Multiple basketballs transformed into brownish-orange blurs at one point during the Pepperdine Waves women’s hoops team’s July 5 practice at Firestone Fieldhouse.
The college basketball squad rocketed the balls to each other during a shooting and passing drill at one end of the arena’s polished, wooden floor.
Following a shot attempt, the ball funneled through an automated basketball shooting machine, which then blasted the leather sphere to a waiting Wave at the top of the three-point arc. That player then passed the ball to a teammate on the left side of the arc, who fired the ball to a player on the opposite arc ready to shoot. The process repeated rapidly after a made or missed shot.
Through it all, players called the names of the shooter, once senior guard Paige Fecske told teammates to “follow your pass. When you shoot go to the middle,” and Pepperdine head coach DeLisha Milton Jones directed the shooters to “finish on your toes.”
Milton-Jones, a two-time Olympic gold medalist and retired WNBA All-Star—and two-time champion—said she likes for the team to be animated and vocal during the drills to promote bonding. She said the exercises also help determine what type of team the Waves will be during their upcoming season this fall.
“Are we going to be a team that will hit you from different areas on the court offensively from the three-point line on in or we going to be a team that pounds the ball on the inside?” she asked. “Are we going to be a running team? We are trying to evaluate a lot in a short period of time, so when the end of August comes we have a plan.”
Junior guard Barbara Sitanggan believes her second-year head coach will direct the Waves to play at a high-speed pace. She hopes she and her teammates can fast-break to the top tier of West Coast Conference, the 10-member league Pepperdine competes in.
“I think we have a great chance this year with all the players we have, and we are such a young team—we only have three seniors,” Sitanggan said. “We can have a great year.”
Senior forward Yasmin Robinson-Bacote is eager to lead the Waves to success. She said practices this month will set the tone for the 2018-19 campaign.
“The season starts now,” said Robinson-Bacote, who averaged 16.6 points and 7.2 rebounds a game during Pepperdine’s 10-20 record season that ended last March.
The morning after Independence Day, Robinson-Bacote and her teammates—minus Australian-born players Monique Andriuolo and Mia Satie—scrimmaged (the losers had to do push-ups) and ran through various skill development drills with the coaching staff, who often got involved in the drills themselves.

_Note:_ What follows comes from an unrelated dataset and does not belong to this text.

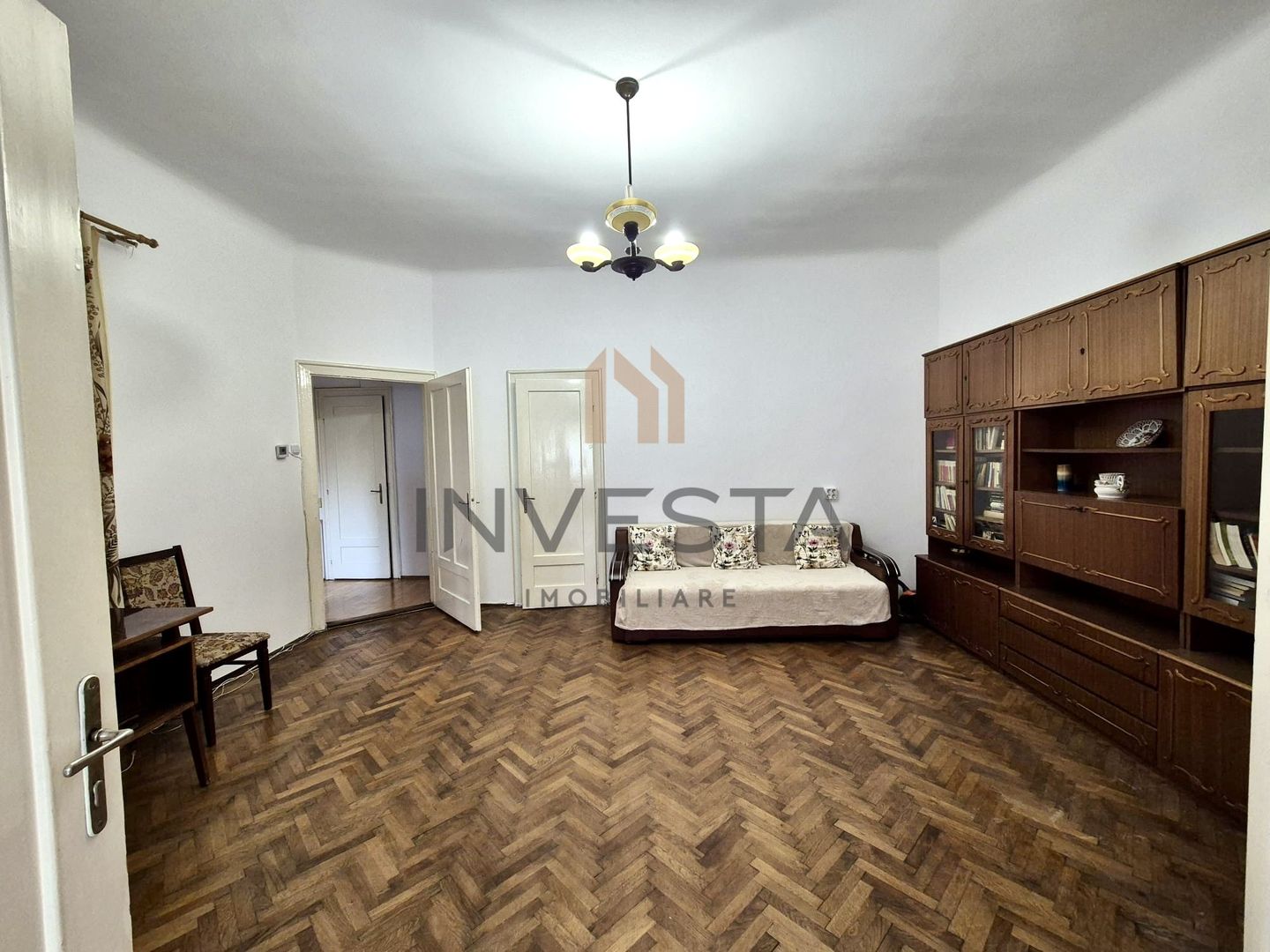 Apartament 3 camere cu acces la Curte Interioara – Zona Clincilor - Poză 1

Assistant coaches Josh Pace and BJ Porter lead Sitanggan, Fecske and other Waves such as new team members, junior Deezha Battle and freshman Malia Bambrick, through a drill that had the girls crossing over in front of cone then pulling up for a jump shot.
On the other end of the floor, Milton-Jones directed frontcourt players in drills that featured them trying to score on her in the lane—baseline drives, short jump shots and more—after receiving a pass from strength coach Adam Estrin.
Pepperdine’s seven other practices this month will feature more of this. The women also have conditioning days and dedicated hours in the university’s weight room.
Their coach said she wants to identify the team’s culture this month.
“I want to see the maturity of the returners and how welcoming and accepting they are of the newbies coming,” Milton-Jones said. “I’m also trying to get a feel for the new players and where they are. What their skill level is outside of what we evaluated during recruiting.”
Pepperdine won 14 games in Robinson-Bacote’s first two college basketball seasons. With the 10 wins of her junior season behind her, the fourth-year player said establishing a winner culture is important.
“The senior group that we have now—me, Keyari [Sleezer] and Paige—have been through a lot and would love to see the program get on the right track,” Robinson-Bacote said. “We came in and struggled. Now we are just trying to leave a winning culture behind.”
She said Pepperdine’s six new players are helping to forge a champion program.
“They have done a very good job of catching onto things early,” she said. “These girls really know how to play the game. They are going to make a difference. Every single one of them has the ability to come in the game and change the dynamic. It adds more depth to our group.”
Milton-Jones has called the newcomers Pepperdine’s most talented recruiting class in a few years. One of them, Battle, a transfer from Cochise College in Arizona, said she wants to live up to that billing and show she is deserving of a roster spot.
“It’s extremely important, especially coming in as a junior,” she said.
Freshmen forward Skye Lindsay said the more experienced Waves have been encouraging the new players.
“We are just going to get stronger,” she said. “Go faster. Go harder. I think we can only go up from here.”
Sitanggan, a guard known for being more pass-first than score-first, who is looking to be more aggressive this season offensively, said her new teammates have been impressive.
“It pushes and challenges the returners,” she said. “We are all fighting for spots, but at the end of the day we are all a team that will be competing together once the season comes.”
Battle believes Pepperdine can claim a lot of victories.
“We don’t have a set goal, but we definitely want to improve,” she said. “I feel like we are underdogs, and I like that. I feel like we can surprise a lot of people.”